There appears to be a direct analogy between Frances Hutcheson's explanation of aesthetics as "uniformity amidst variety" and life's dependence on an ability to discover patterns in chaos.
It would follow that if life is fundamentally aesthetic, and if philosophy is trying to understand life, then aesthetics in philosophy must be a "thing".
Ok. Maybe aesthetics comes from a fundamental attunement to the universe that consciousness arises from. It's the universe's awareness of itself. Where something seems afflicted aesthetically, consciousness has a bad connection.
"Beauty is truth, truth beauty,
that is all ye know on earth,
and all ye need to know."
I guess we are all drawn more or less towards one area for numerous reasons. This will hopefully change for most people throughout their lives; which brings us to the additional question of 'good' or 'bad' choices.
I think anyone unwilling to look seriously at opposing arguments is making a mistake. I think anyone unable to see a flaw in their own interpretation of the world is making an even greater mistake.
As for styles, I think it is incumbent on the reader to understand the historical and relational contexts of a piece of writing. For the historical context, when reading Hobbes, Rousseau or Machiavelli, there are occasions when the spirit of the time these people lived in needs to be understood so we can sift out the relevance for our current circumstances. It is absurd to critique any of their thoughts and positions as if they had written their work for the world we find ourselves in. For the relational context, reading a modern philosophical text that attempts to replicate the style of Hegel, Nietzsche or Kant is deeply misguided as they were written for people in well-established circles not for mass consumption.
There are faulty approaches. Individually we must aim to be honest with ourselves as much as possible.
Personally, I opt for a Fox approach above the Hedgehog one (Berlin). Meaning, I am a Fox looking for connections rather than myopic specialisations of the Hedgehog - not to say these people are not needed!
Quoting Moliere
I have a distaste for philosophy as a be all and end all. I have the same distaste for holding rigidly to any particular field of study or interest. I appreciate that those who have amore rigid grip on certain areas at the cost of others are invaluable, but that just isn't for me. An example of this can be seen in the inability for people like Dawkins and Peterson to understand where each other is coming from. Both provide perspectives that are worthy of consideration, yet both (maybe not equally) all bound within their own interests.

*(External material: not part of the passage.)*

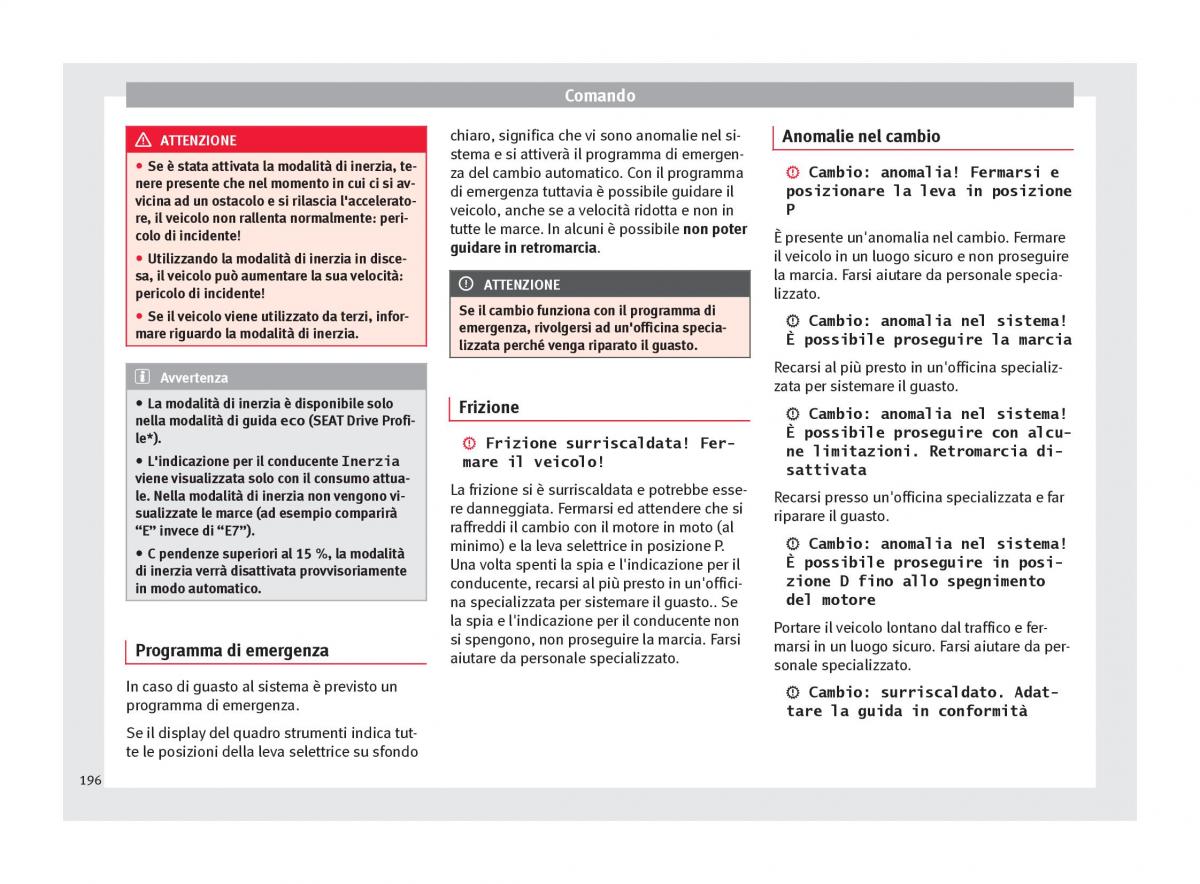 Seat Ateca manuale del proprietario / page 198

I always look to figures like Richard Feynman who, whilst being a brilliant physicist, went out of his way to take an interest in other people's passions such as kite making or drawing.
Quoting Moliere
I do not believe I am. What I read is usually determined by seeking out oppositional views or areas I know little about. Quality/Content overrides style. This goes for science, art, history, etc.,.
Quoting Moliere
If I am looking into something particular I think very carefully about who to read and try to find extreme ends of the argument and also someone in the middle ground (philosophy or otherwise). When looking into anthropology I chose Geertz, Eliade and Levi-Strauss specifically because they wrote in different styles, possessed different approaches, and were able to give me a broad perspective of what I was interested in learning more about.
Quoting Moliere
In short, I think anyone looking at philosophical choices as 'aesthetic' is more focused on political philosophy. If we asked the same question about a scientist choosing a field of study I think you would find the answer being more or less about intrigue. Only some of the Hedgehog scientists would call their choice of field 'more worthy' and then we are effectively back into social politics and weighing ourselves against others rather than against the nature of being.